Penso que o enunciado universal “Democracia” é uma expectativa de experiência, e para justificá-lo seus defensores recorrem a inferências indutivas, como diz Karl Popper, um “raciocínio através do qual uma proposição é considerada verdadeira pela sua ligação com outras já tidas como verdadeiras; a proposição que se assume como sendo verdadeira”:
δῆμος (demos ou “povo”)
κράτος (kratos ou “poder”)
Logo, δημοκρατία (dēmokratía ou “governo do povo”)

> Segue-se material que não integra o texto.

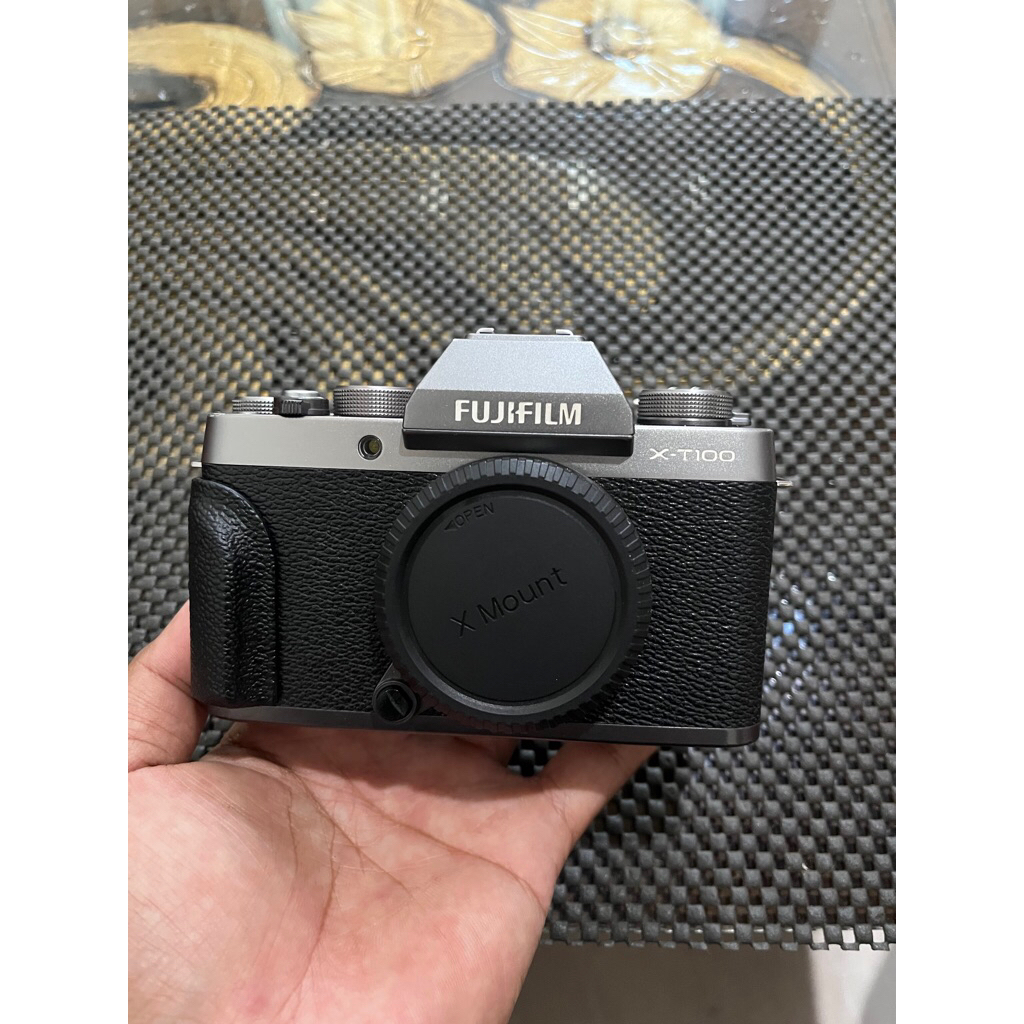 KAMERA MIRRORLESS FUJIFILM XT100 BODY ONLY (A849)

No entanto, “no sistema político da Atenas Clássica a cidadania democrática abrangia apenas homens, filhos de pai e mãe atenienses, livres e maiores de 21 anos, enquanto estrangeiros, escravos e mulheres eram grupos excluídos da participação política.”

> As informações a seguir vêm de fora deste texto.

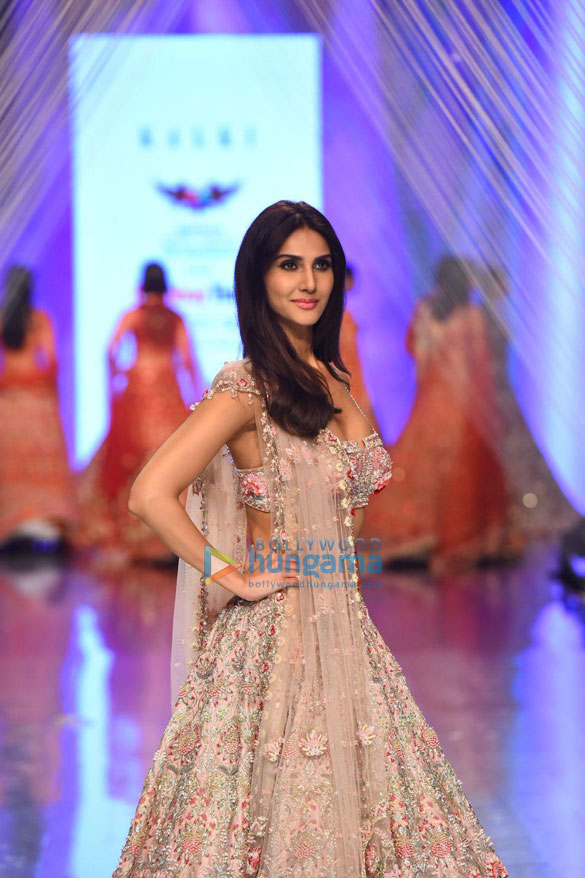 photos palak tiwari and vaani kapoor snapped at bombay times fashion week 2022 2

Vale lembrar que até meados do século 19 o sufrágio universal – pleno direito ao voto de todos cidadãos adultos, independentemente de alfabetização, classe, renda, etnia ou sexo, salvo exceções menores – era exclusivo para homens, assim mantendo a democracia nas mãos de alguns do povo.
Explico que meu ponto nesse texto, apesar da sua importância, não é a participação do povo, mas os governantes fantasiosamente escolhidos para representar o povo.
Mantendo a tradição americana, algo tão importante naquele país, o “Orange man” nomeou a filha e genro para Conselheiros do Presidente.
Na última eleição do país das Maravilhas 138 parlamentares com vínculos familiares foram eleitos no primeiro turno.
A Rainha de Copas ao declarar que indicaria o atendente da lanchonete de hamburger para ser Embaixador dos EUA, em função dos laços da pseudo amizade entre os presidentes, deixou claro que faria o possível e impossível para beneficiar sua família.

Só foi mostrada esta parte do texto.